++++ Provided records ++++

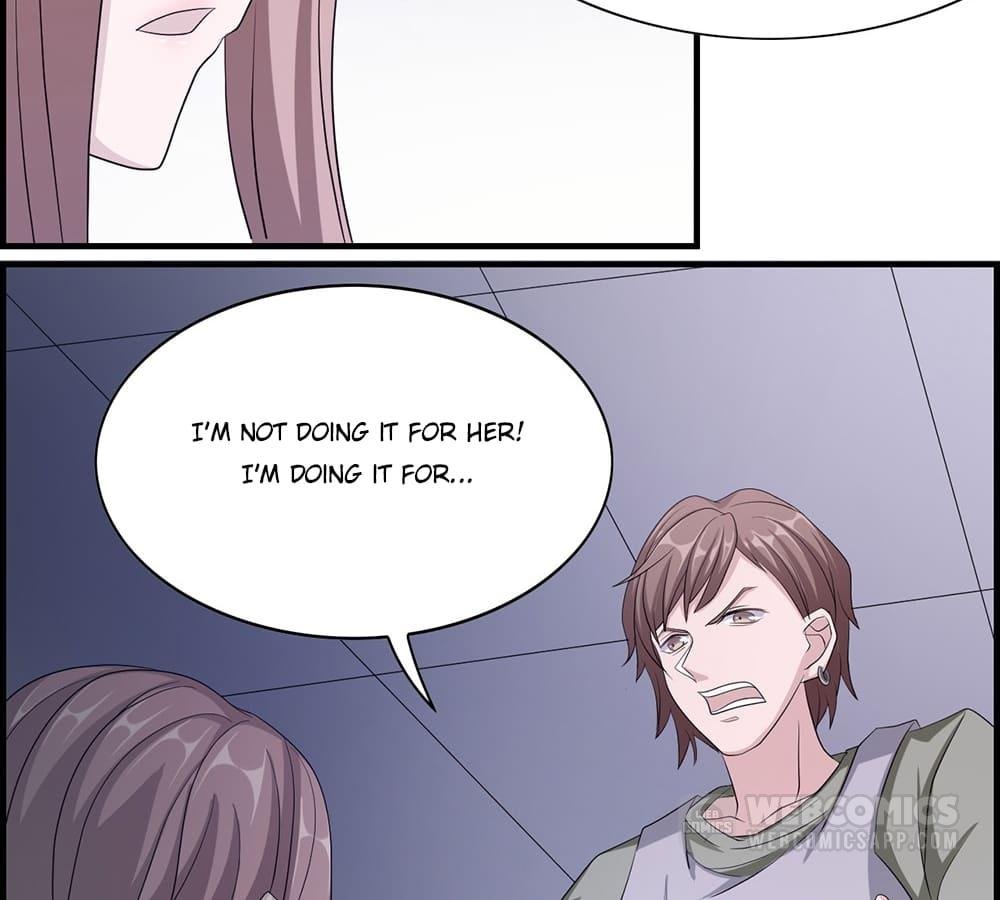 Page 26 of Chapter 34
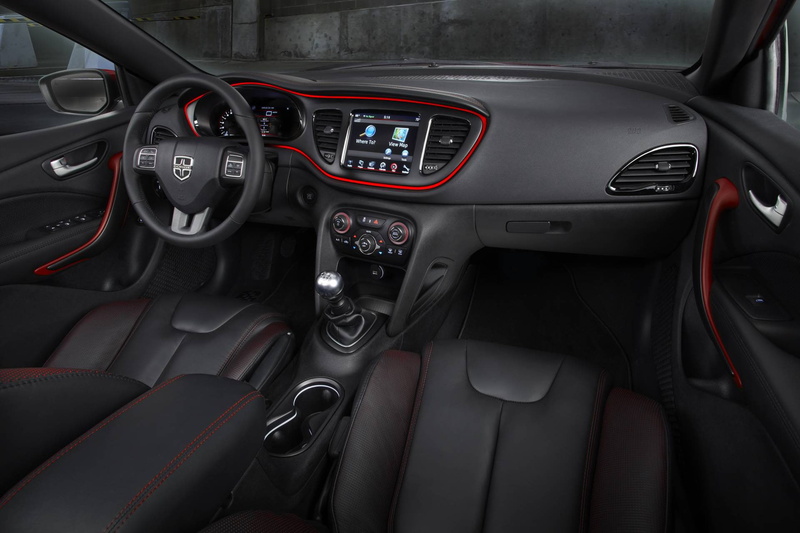 dart, car, 1080P, srt, dodge, rallycross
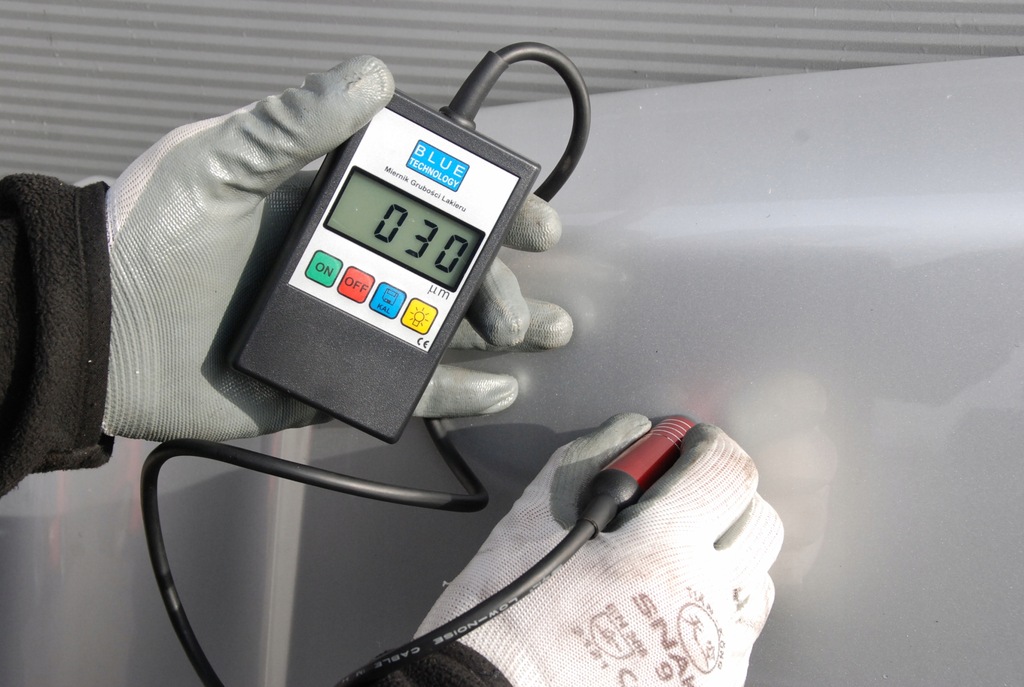 фото №4, Капот двигателя идеальное состояние jeep grand cherokee wk 05-10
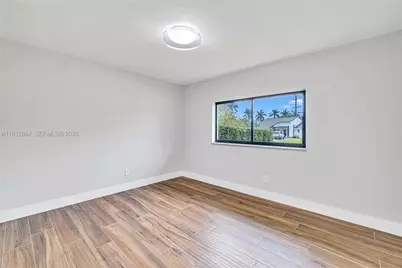 10600 SW 140th St, Miami, FL 33176 - Photo 43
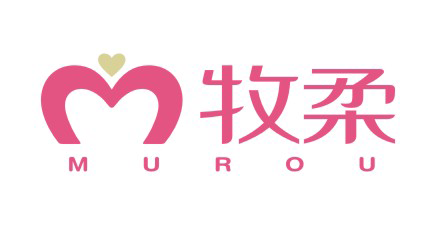 牧柔（murou）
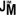 Jimavridis.com Favicon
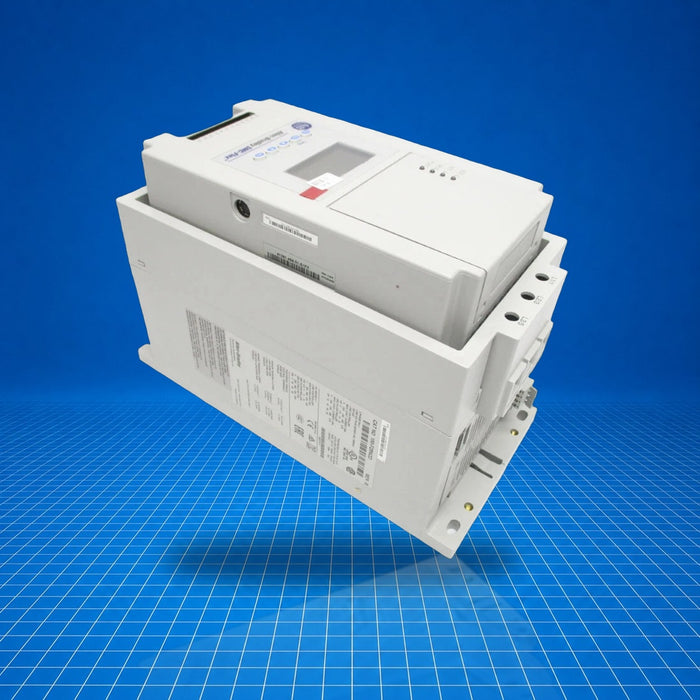 150-F25NCD Allen-Bradley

++++

> _Task objective_:
Extract only the lines from the one that contains "10600 SW 140th" through the end of the records, inclusive, and omit every picture.

> _Answer space_:
 10600 SW 140th St, Miami, FL 33176 - Photo 43
 牧柔（murou）
 Jimavridis.com Favicon
 150-F25NCD Allen-Bradley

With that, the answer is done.